2001-12-15 18:13:20

by Ingo Molnar

[permalink] [raw]
Subject: Re: mempool design


On Sat, 15 Dec 2001, Rik van Riel wrote:

> > such scenarios can only be solved by using/creating independent pools,
> > and/or by using 'composite' pools like raid1.c does. One common
>
> OK, you've convinced me ...
> ... of the fact that you're reinventing Ben's reservation
> mechanism, poorly.

i have to admit that i did not know Ben's patch until today. I must have
missed it when he released it, and apparently there were no followup
releases(?). I now understand why Ben had to flame me. Anyway, here is his
patch:

http://lwn.net/2001/0531/a/bcrl-reservation.php3

With all respect, even if i had read it before, i'd have done mempool.c
the same way as it is now. (but i'd obviously have Cc:-ed Ben on it during
its development.) I'd like to sum up Ben's patch (Ben please correct me if
i misrepresent your patch in any way):

the patch adds a reservation feature to the page allocator. It defines a
'reservation structure', which causes the true free pages count of
particular page zones to be decreased artificially, thus creating a
virtual reserve of pages. These reservation structures can be assigned to
processes on a codepath basis. Eg. on IRQ entry the current process gets
assigned the IRQ-atomic reservation - and any original reservation is
restored on IRQ-exit. On swapping-code entry, arbitrary processes get the
swapping reservation. kswapd, kupdated and bdflush have their own,
permanent reservations. Freeing into the reserved pools is done by linking
the reservation structure to it's "home-zone", which the __free_pages()
code polls and refills. One process has a single active reservation
structure to allocate from.

this approach IMO does not answer some fundamental issues:

- Allocations might still fail with NULL. With mempool, allocations in
process contexts are guaranteed to always succeed.
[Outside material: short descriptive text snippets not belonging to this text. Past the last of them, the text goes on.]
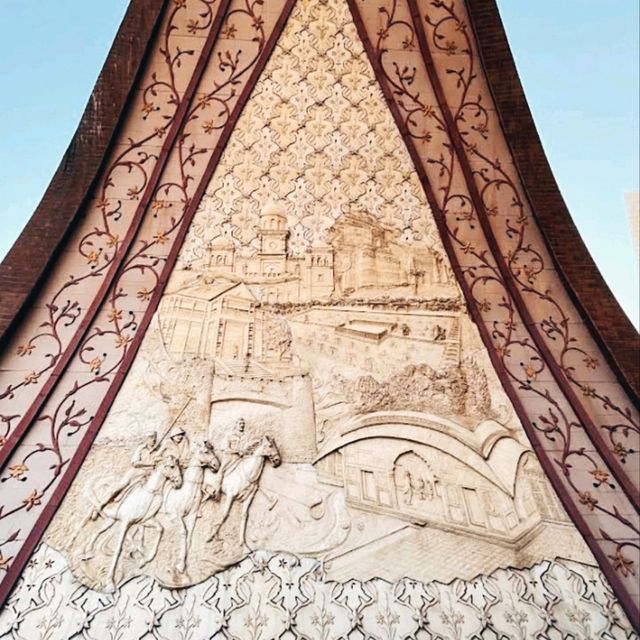 @ THE PAKISTAN MONUMENT.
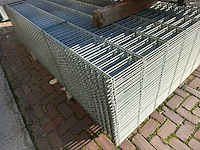 Partij 50x dubbelstaafs hekwerkpanelen gegalvaniseerd 183 hoog 8 / 6 / 8 - met palen 27x - afbeelding 8 van  11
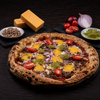 pizza napolitaine garnie d'ingrédients frais et savoureux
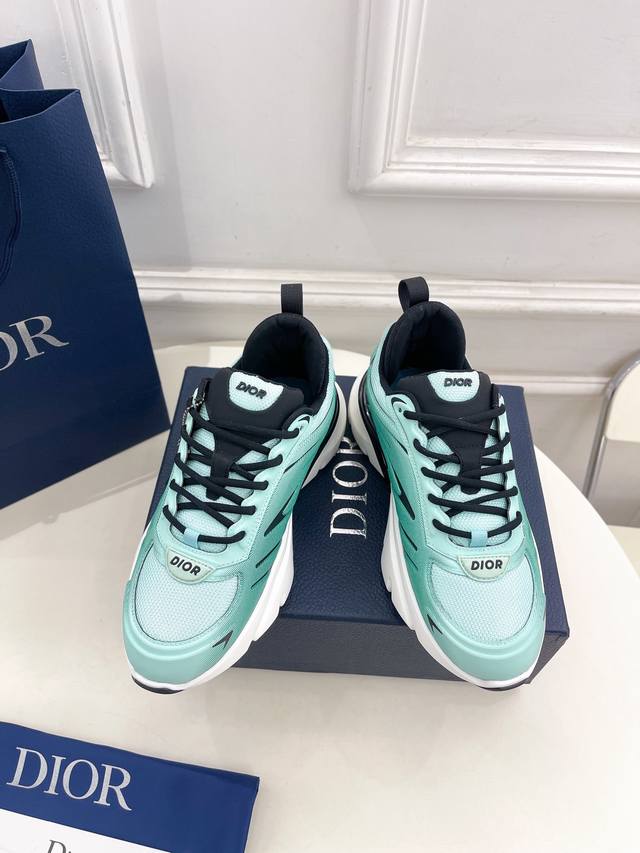 Dior 迪奥 252025 早春新款 顶级版本专柜主打新款 B44 Blade 网眼织物运动鞋休闲鞋 硬货上新代购级别！高级感十足！国内外博主刷爆的一款，复古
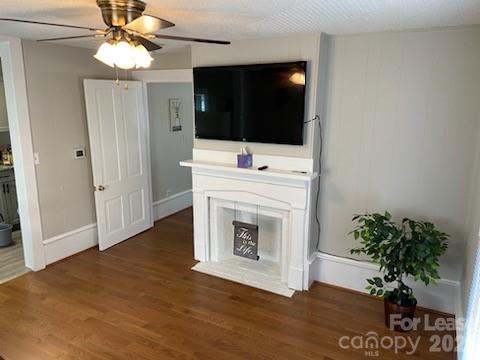 223 E Glendale Avenue D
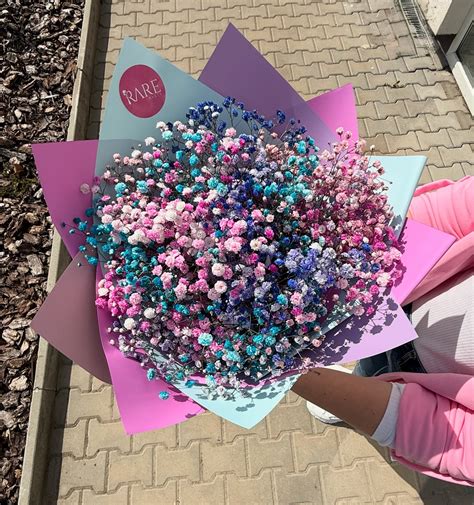 Rôznorodé kvety dvojzubu v rôznych farbách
- it does not allow the reservation of higher order allocations, which can
be especially important given the poor higher-order behavior of the page
allocator.

- the reservation patch does not offer deadlock avoidance in critical code
paths with complex allocation patterns (see the examples from my
previous email). Just having separate pools of pages is not enough.

- minor nit #1: reservations are tied to zones, while mempool can take
from different zones, as long as the zones are compatible.

- minor nit #2: reservations are adding overhead to critical code areas
(and yes, besides oom-only code, the fast-path is touched as well) such
as rmqueue() and __free_pages(). Mempool does not add overhead to the
underlying allocator(s).

- perhaps there is a more advanced patch available (Ben?), but right now i
cannot see how the SLAB allocator can have the same reservation concept
added, without excessive code duplication.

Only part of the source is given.